However, the waste is eliminated, for example by combustion in a
flare.
[0038] Also worth noting is the work of the applicant as reported
in the later document FR 0116581 filed on Dec. 20, 2001, concerning
the installation, at the head of the reactor, of a new arrangement
allowing a homogenous premixture of the input reactants to be
prepared in complete safety.
[0039] It then appeared that these previous results of the
applicant needed to be further improved, particularly as to the
question of cooling (quenching) of the synthesis gas thus produced,
and the induced risks of soot formation, to propose a more compact
and thus improved technology, able to produce a synthesis gas
substantially at ambient temperature.
[0040] The technical solution proposed according to the present
invention accordingly consists in carrying out the partial
oxidation reaction and the quenching of the gas produced (in this
case a direct water quench) in one and the same vessel, by
providing a gas transport time between the two zones (reaction zone
and quench zone) that is extremely short, i.e. shorter than a few
tens of milliseconds, typically shorter than 50 ms. This rapid
quench (which can be considered as instantaneous or virtually
instantaneous) makes it possible to fix the composition of the gas
instantaneously and to limit the Boudouard reaction
(2CO.fwdarw.C+CO.sub.2) and hence the generation of soot that is
harmful to the process. Moreover, the sheet metal of the reactor
that is placed in contact with this corrosive atmosphere is no
longer exposed in the critical temperature range (750.degree.

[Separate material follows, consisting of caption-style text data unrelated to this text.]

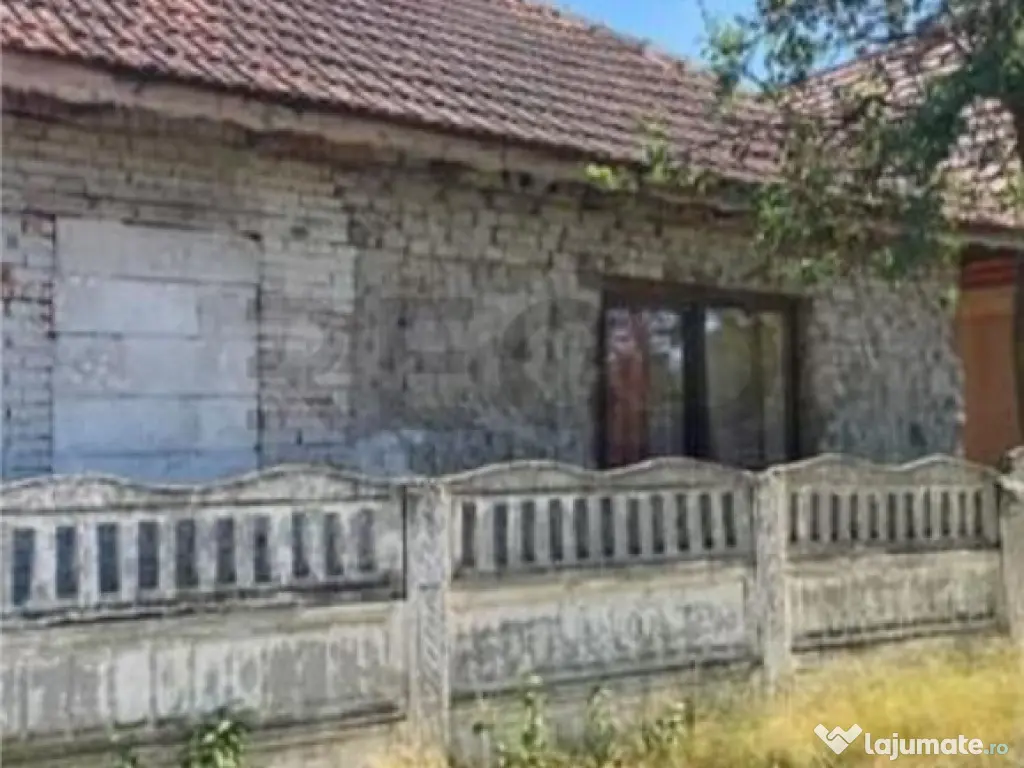 Reco Teren 5800 mp in Ghenetea | Strada asfaltata recent 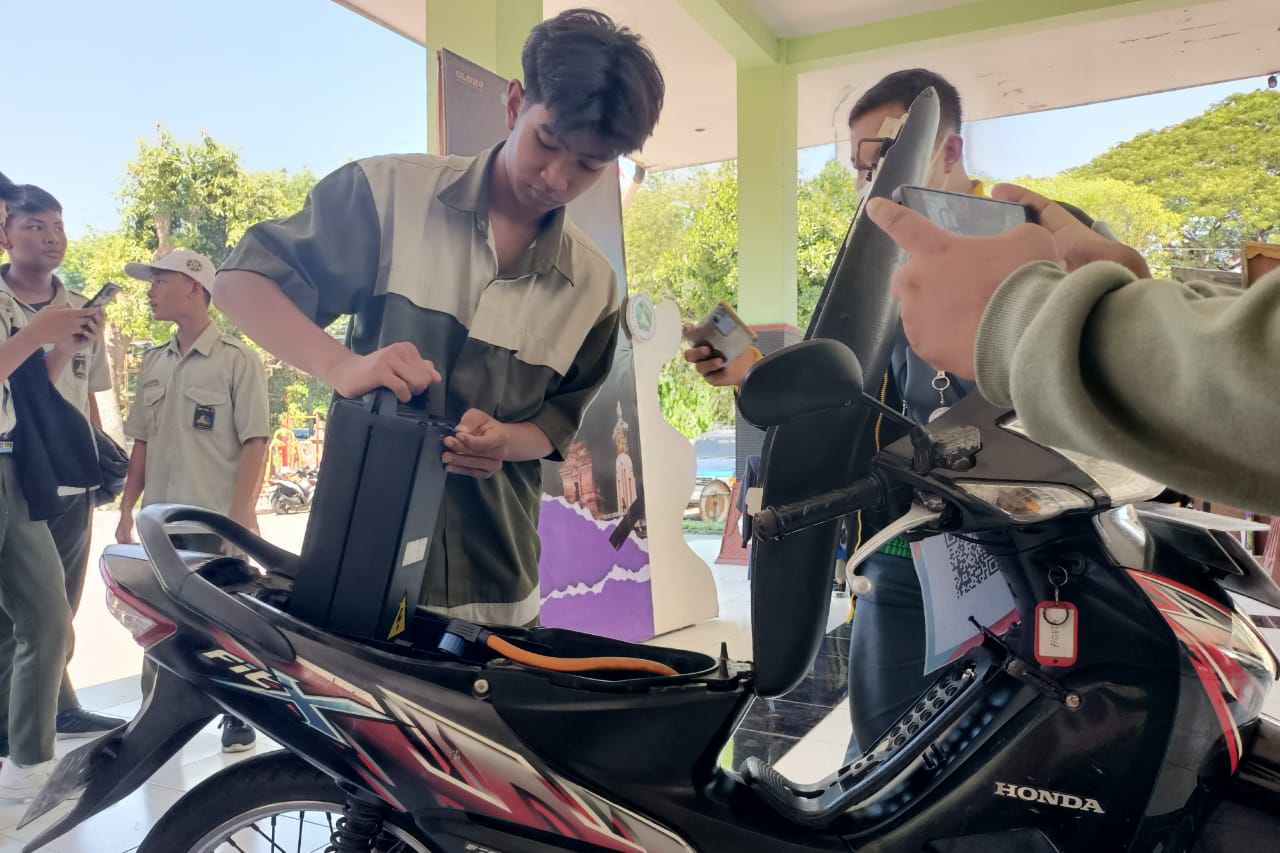 PAMERAN - Siswa SMK YPM 8 Sidoarjo menggelar acara pameran dan pentas seni bertajuk Pameran Tefa SYS 8 Present Performing Arts Competition 2K 24 di Balai Kesenian Dinas Pemuda, Olahraga dan Pariwisata (Disporapar) Pemkab Sidoarjo, Sabtu (12/10/2024) sore.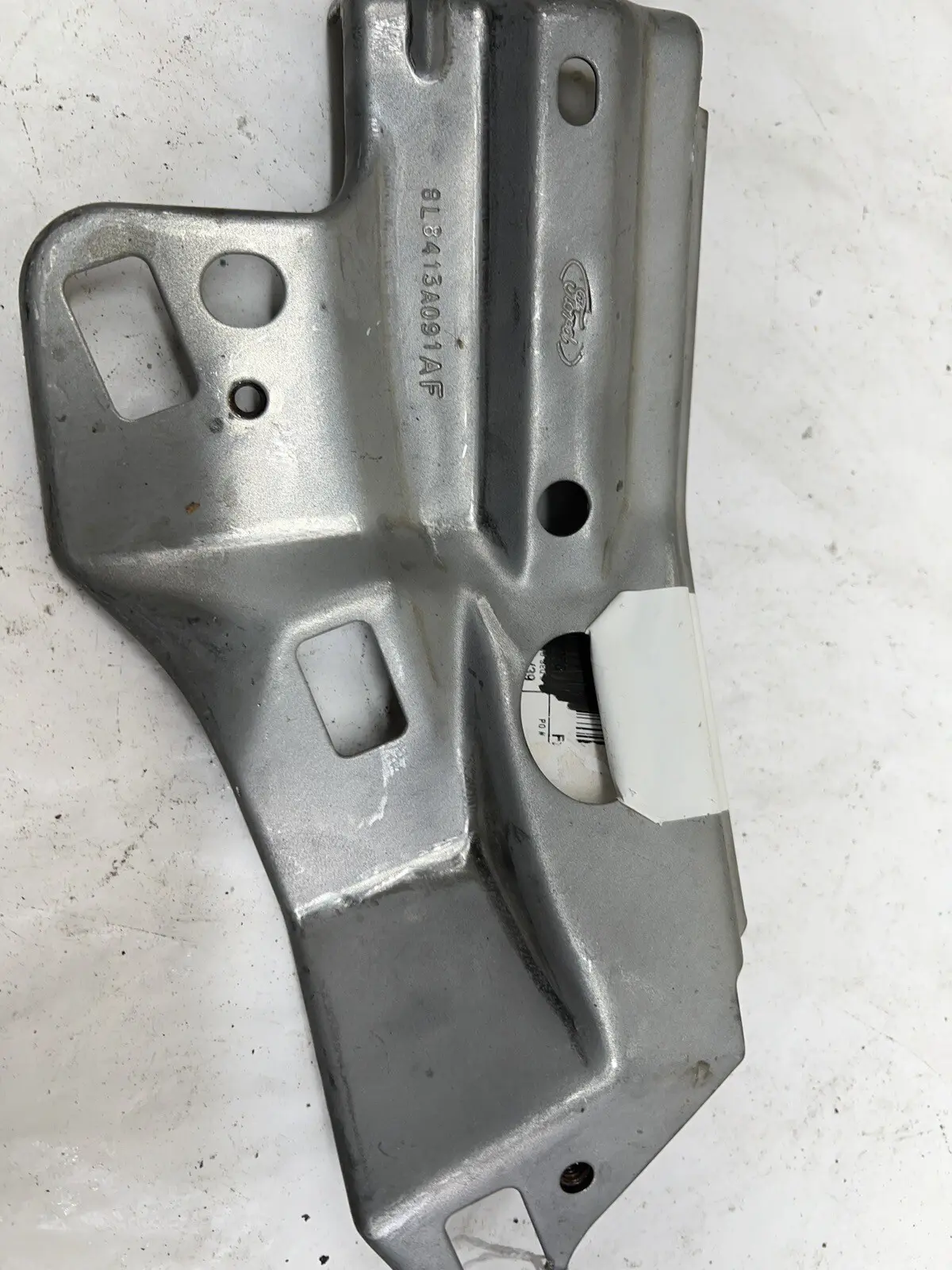 2008 2009 2010 2011 2012 Ford Escape Front Right Bumper Bracket 8L8z13A004A - Image 4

C.-450.degree. C.), propitious to its degradation due to the
mechanism well known in the literature called "metal dusting".
[0041] The invention accordingly relates to a method for preparing
a gaseous atmosphere having controlled hydrogen and carbon monoxide
contents, in which:
[0042] (a) a partial catalytic oxidation of at least one
hydrocarbon is carried out at a temperature below 1200.degree. C.,
a pressure of 3 to 20 bar and in the presence of oxygen or of a gas
comprising oxygen, to produce hydrogen (H.sub.2) and carbon
monoxide (CO);
[0043] (b) a gas mixture is recovered, comprising at least hydrogen
(H.sub.2) and carbon monoxide (CO);
[0044] (c) the gas mixture obtained in step (b) is subjected to
cooling by direct contact with pressurized water, to a temperature
of between -20.degree. C. and +80.degree. C.;
[0045] and in which, in step (b) and/or in step (c), a gas mixture
is obtained at a pressure of 3 to 20 bar; [0046] and is
characterized in that said catalytic oxidation reaction and the
cooling step (c) are carried out in one and the same vessel,
providing a gas transport time between the two zones of catalytic
reaction and cooling that is shorter than a few tens of
milliseconds, and preferably shorter than 50 ms.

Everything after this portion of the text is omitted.